*** Source material ***

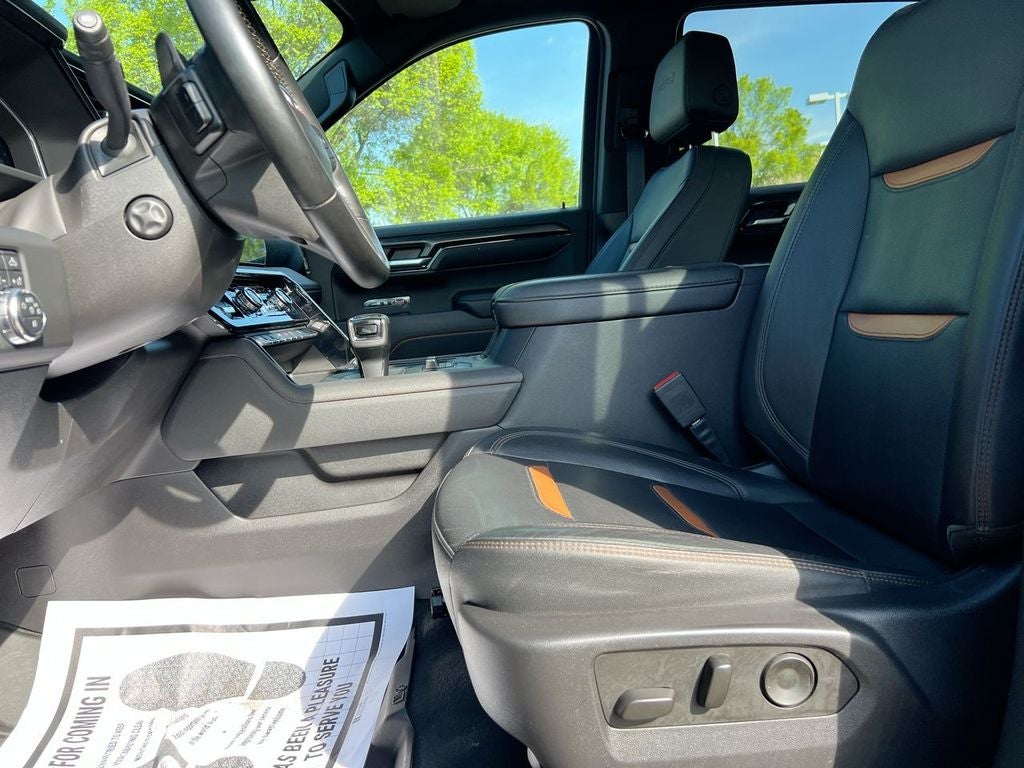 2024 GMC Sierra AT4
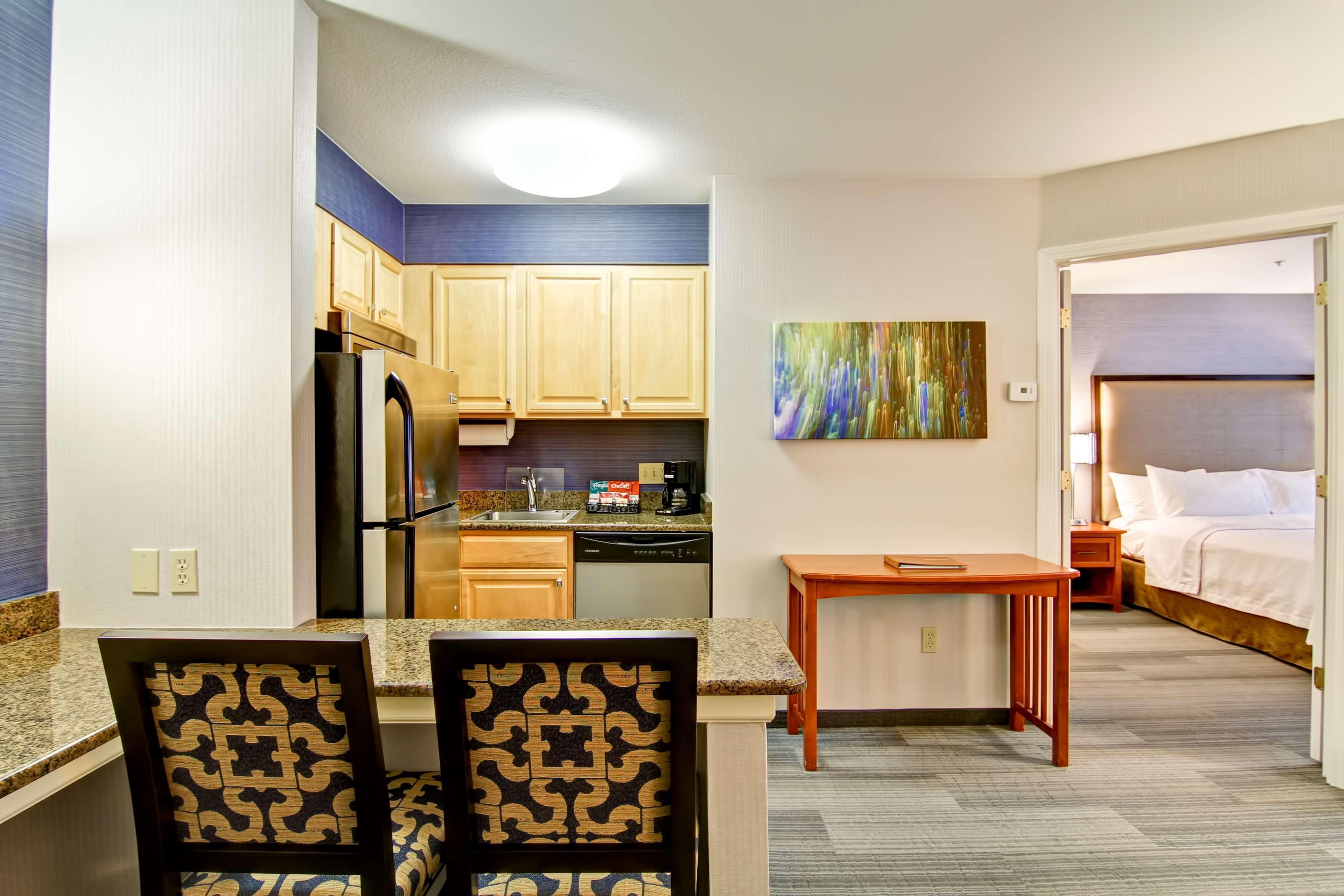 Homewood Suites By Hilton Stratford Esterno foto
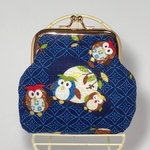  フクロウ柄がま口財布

*** End of Source material ***
*** Source material ***

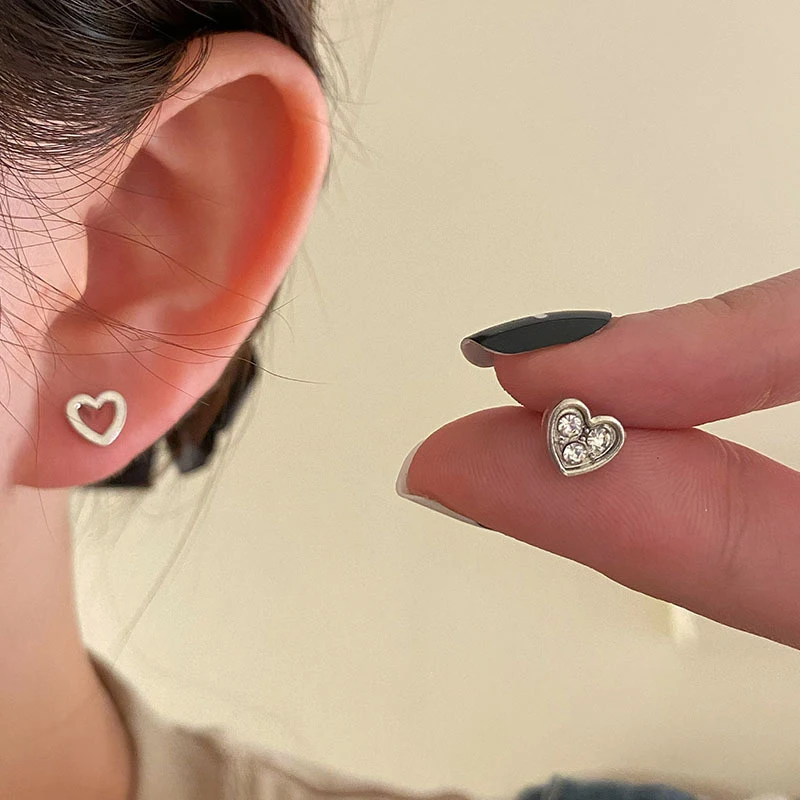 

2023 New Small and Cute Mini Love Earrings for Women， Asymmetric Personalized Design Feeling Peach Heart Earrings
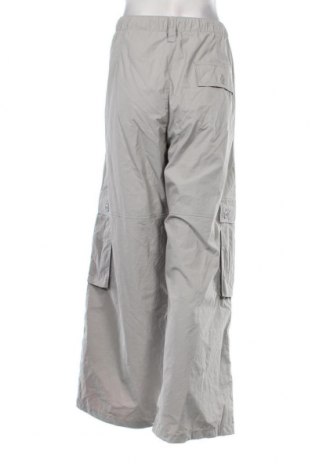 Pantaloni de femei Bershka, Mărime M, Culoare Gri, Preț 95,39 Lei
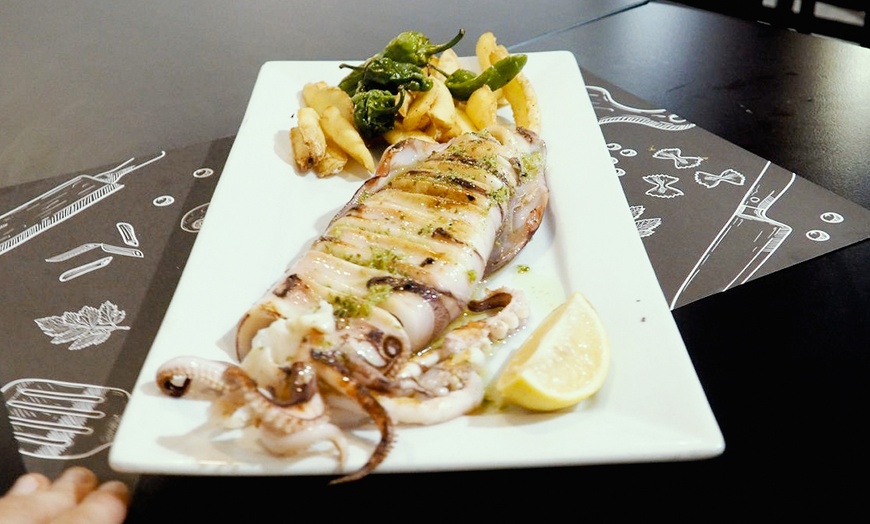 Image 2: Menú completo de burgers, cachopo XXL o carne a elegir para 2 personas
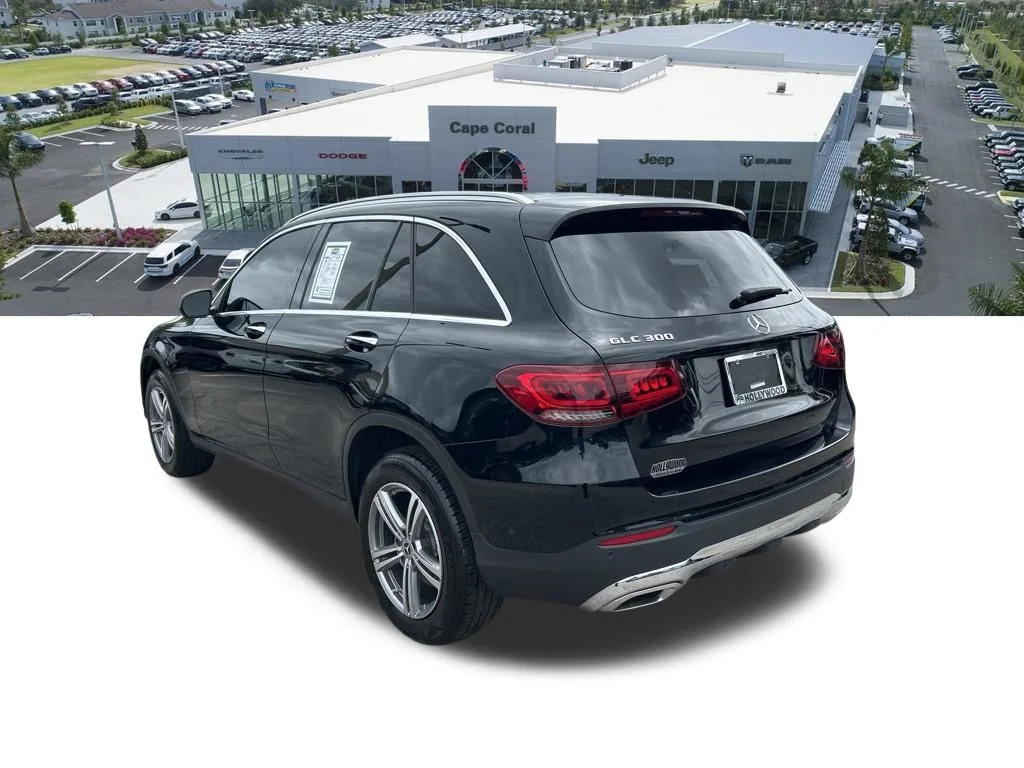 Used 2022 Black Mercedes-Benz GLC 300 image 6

*** End of Source material ***

Above are the records; copy from them only the lines starting at the one containing "Pantaloni de femei" and ending at the one containing "Used 2022 Black", exactly and without pictures.

 Pantaloni de femei Bershka, Mărime M, Culoare Gri, Preț 95,39 Lei
 Image 2: Menú completo de burgers, cachopo XXL o carne a elegir para 2 personas
 Used 2022 Black Mercedes-Benz GLC 300 image 6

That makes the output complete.